Extracted data entries:
---

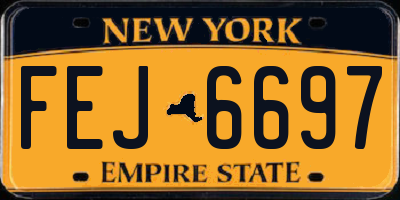 NY license plate FEJ6697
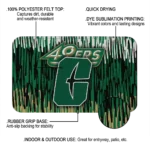 charlotte-49ers-vertical-flow-green-doormat-best-selling.webp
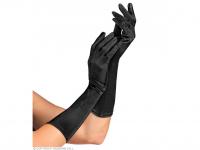 Szatén kesztyű, fekete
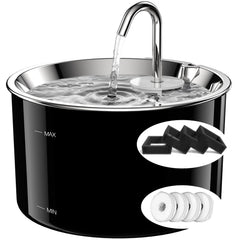 Bebedero VIVIDORAMA para gatos en acero inoxidable, fácil de limpiar y con gran capacidad.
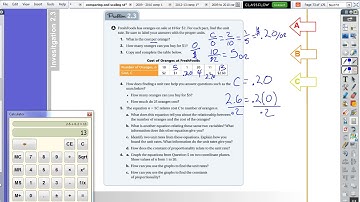 Comparing and Scaling Inv 2.3 summary part A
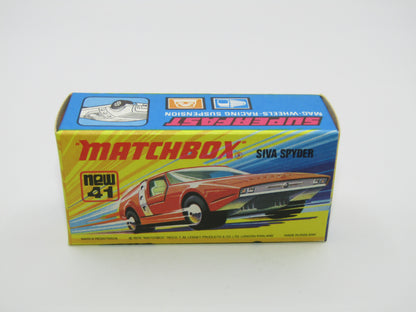 Matchbox Superfast RN VIII Black Widow Black Windows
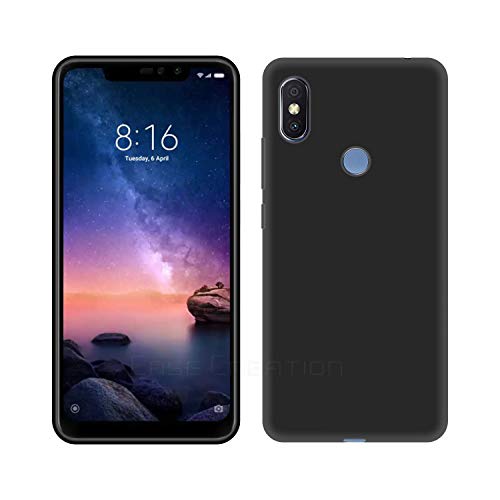 Image of Case Creation Luxurious OG Series for Xiaomi Redmi Note6 Pro Case Cover,Anti-Dirty Slim Case Frosted Matte Cute Candy TPU Raised Bezel (Splash of Color) Back Cover for Redmi Note 6 Pro -Black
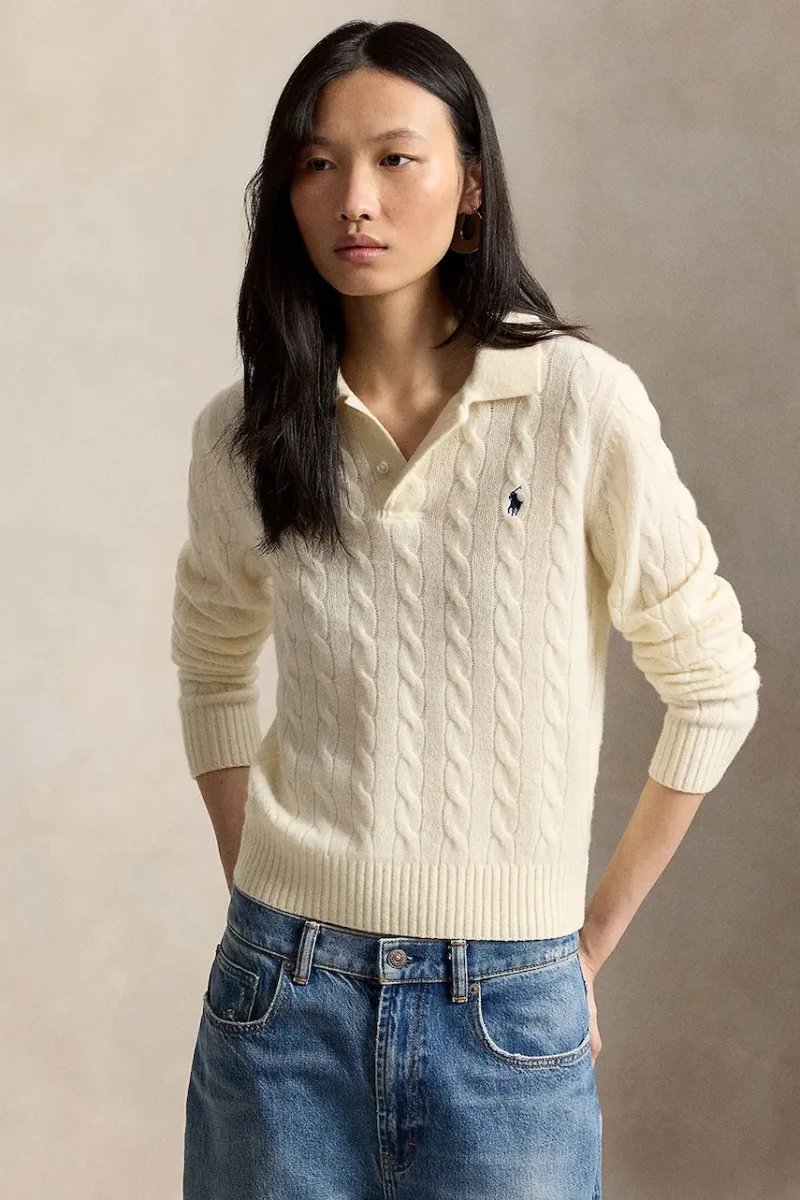 Polo Ralph Lauren pulover pentru femei din lână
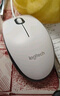 羅技（Logitech）M100r有線鼠標(biāo) 中大手鼠標(biāo)有線 筆記本電腦商務(wù)辦公鼠標(biāo)有線辦公 usb鼠標(biāo)Mac家用對稱商務(wù)企業(yè)采購 白色 曬單實拍圖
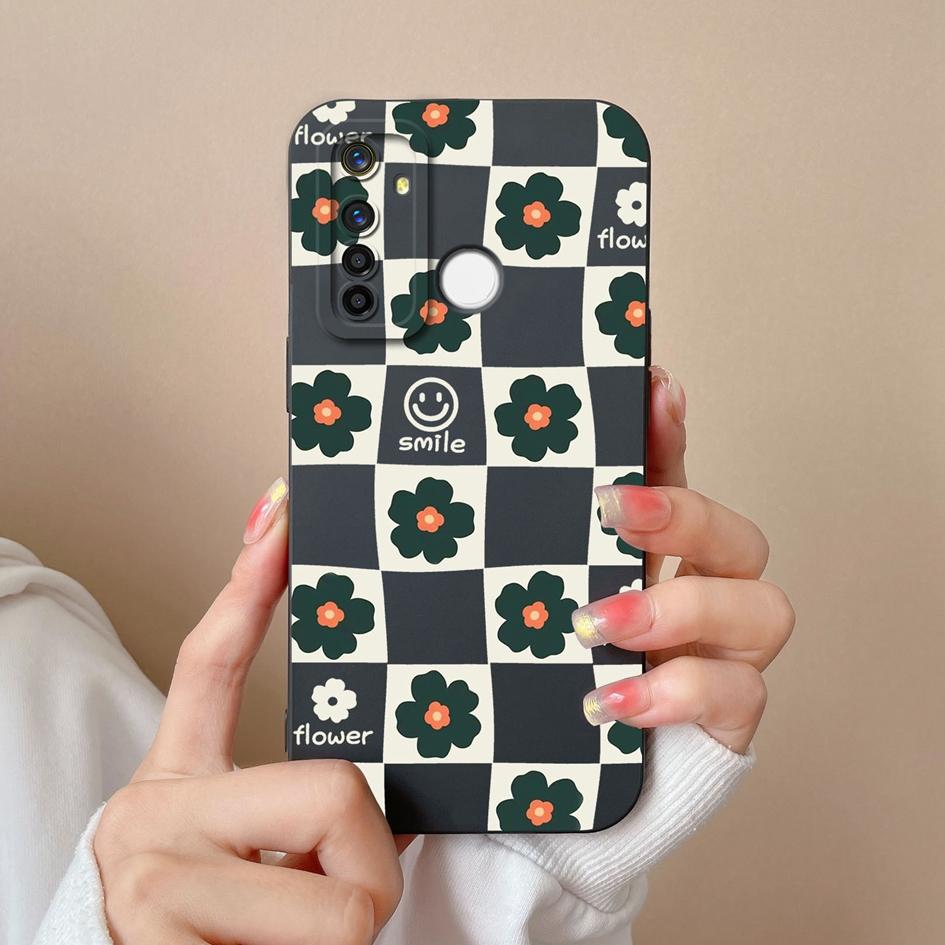 For Oppo Realme Q5i V13 X2 X7 V15 Q5 Q Q3 F29 A5 Q3i Pro Bumper Case Exquisite Check Pattern Liquid Silicone Dustproof Protective Cover For Oppo Shell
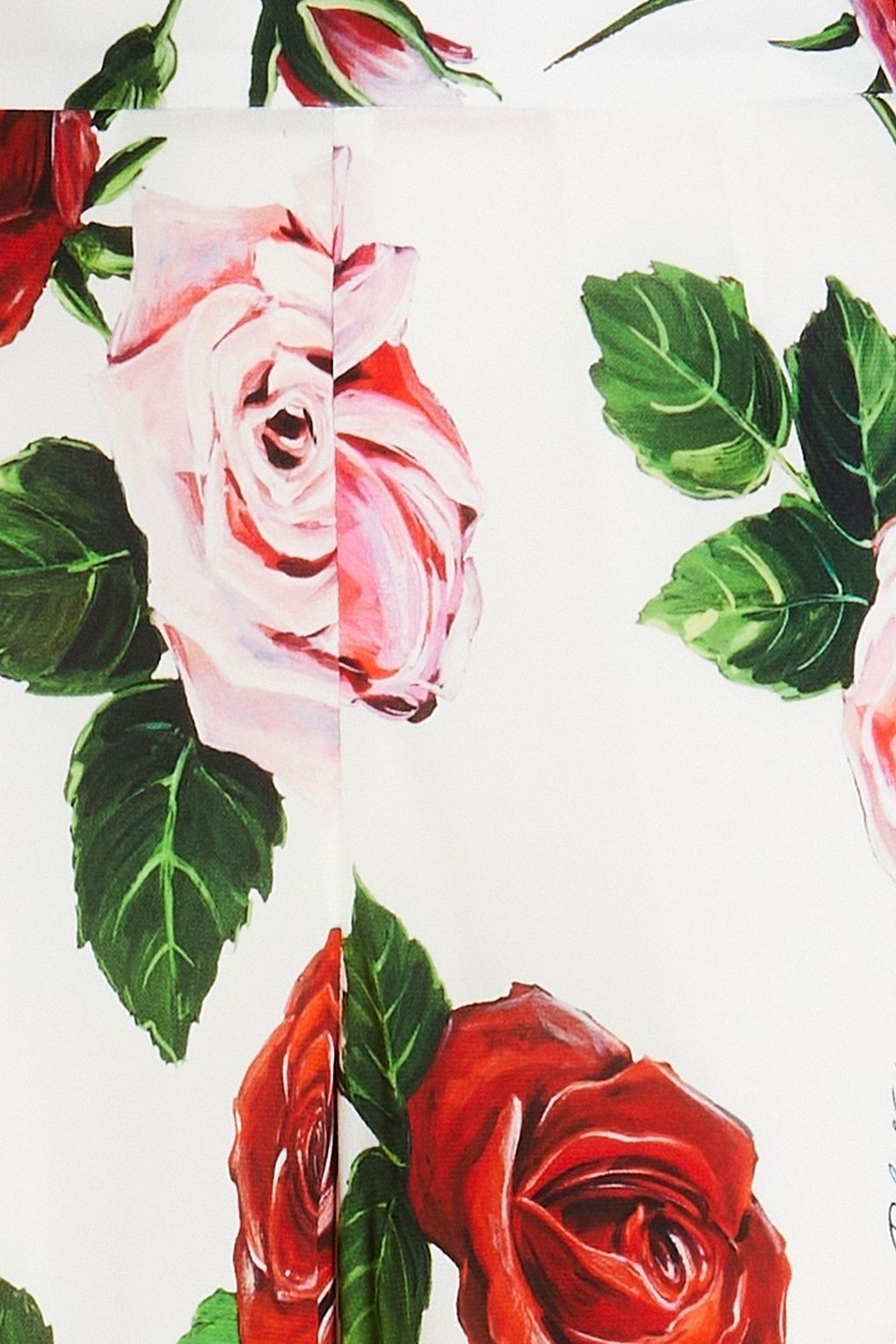 DOLCE&GABBANA Floral-print crepe culottes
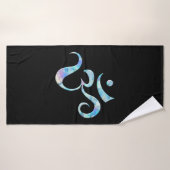 Turquoise gemarmerde Om Badhanddoek (Badhanddoek)
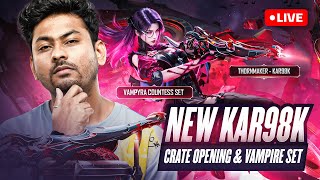 NEW KAR98K SKIN amp VAMPYRA ULTIMATE SET  BMPS DOMINATOR CRATE OPENING IN 20000 UC LUCK [upl. by Brina]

---

Could you return each line, unchanged, from the line containing "For Oppo Realme" through the last line of the entries above, leaving out the pictures?

 For Oppo Realme Q5i V13 X2 X7 V15 Q5 Q Q3 F29 A5 Q3i Pro Bumper Case Exquisite Check Pattern Liquid Silicone Dustproof Protective Cover For Oppo Shell
 DOLCE&GABBANA Floral-print crepe culottes
 Turquoise gemarmerde Om Badhanddoek (Badhanddoek)
 NEW KAR98K SKIN amp VAMPYRA ULTIMATE SET  BMPS DOMINATOR CRATE OPENING IN 20000 UC LUCK [upl. by Brina]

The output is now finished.